‘Why not?’: JV Ejercito says on tweets calling to ban politicians with cases from holding gov’t posts

November 14, 2022 - 12:56 PM
2092
In this photo, Sen. Joseph Victor “JV” Ejercito presides over Monday, October 17, 2022, the continuation of the Finance Subcommittee N deliberation on the proposed P46.2 million budget of the Aurora Economic Zone and Freeport Authority (APECO). (Senate PRIB/Joseph Vidal)

Should politicians with cases be banned from running for public office?

This was the conversation between Sen. JV Ejercito and some Filipinos after the lawmaker reacted to the sudden punching spree of student-athlete John Amores in the NCAA Season 98 game on November 8.

The senator on November 10 tweeted that the basketball player of Jose Rizal University “should be banned for life in any basketball league.”

“What he did on court on an NCAA game is a bad impression on our youth. He should try UFC or boxing instead. Will be glad to be the first to spar with him at Elorde! Try the sweet science this time!” Ejercito added, referencing a boxing gym.

Amores previously punched four basketball players of the DLSU-College of Saint Benilde after being heckled by a fan and flashed with a middle finger.

Prior to that, the 23-year-old JRU Heavy Bombers forward was reportedly cursed at by one of the game’s umpires.

Amores was also involved in a flare-up against Letran player Kobe Monje earlier in the season and a preseason punch-out of UP reserve Mark Belmonte in a Universities and Colleges Basketball League game.

Meanwhile, the latest incident prompted the JRU player to be suspended indefinitely by the NCAA Management Committee and by his own university.

READ: ‘Violence has no place’: JRU, NCAA suspend John Amores indefinitely after punching spree

Ejercito was among those who reacted to Amores’ court behavior.

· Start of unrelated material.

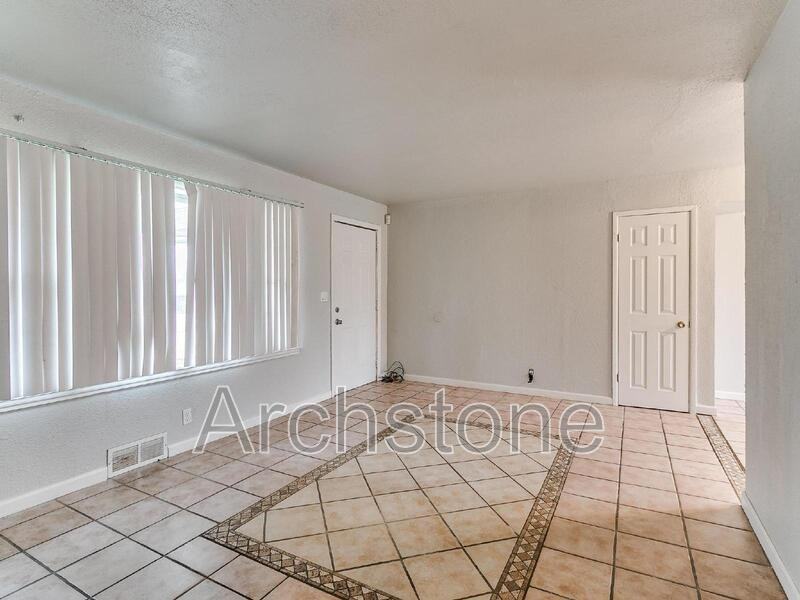 1829 Corrine Dr - Photo 7 of 48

He tweeted that the latter should be “banned for life” in basketball leagues.

Digital content creator Kotz Allen responded to the senator by saying that he hopes politicians with cases should also be banned.

“What they did ‘is a bad impression on our youth,'” he added, quoting Ejercito.

“Why not?” the lawmaker tweeted back.

Another Twitter user jumped in on the conversation and asked Ejercito: “Can we start with your bro?”

She was referring to Sen. Jinggoy Estrada, Ejercito’s half-brother who is facing 11 counts of graft for his involvement in the pork barrel scam.

“Malinis po ang aking public service record. Research,” Ejercito responded to the Twitter user.

Another Pinoy agreed with the senator’s original tweet about banning Amores “for life” in basketball leagues.

“Totally agree! Hopefully, even corrupt and plundering politicians!!!” the Twitter user said with crossed fingers emojis.

“Not applicable to me,” Ejercito replied.

“I didn’t say it’s applicable to you, senator sir,” the user commented with a grinning emoji.

Ejercito also shared a separate tweet featuring boxing champion and former senator Manny Pacquiao in a basketball jersey.

“Tara, John Amores… practice tayo… papawis lang…” a made-up text within the picture reads.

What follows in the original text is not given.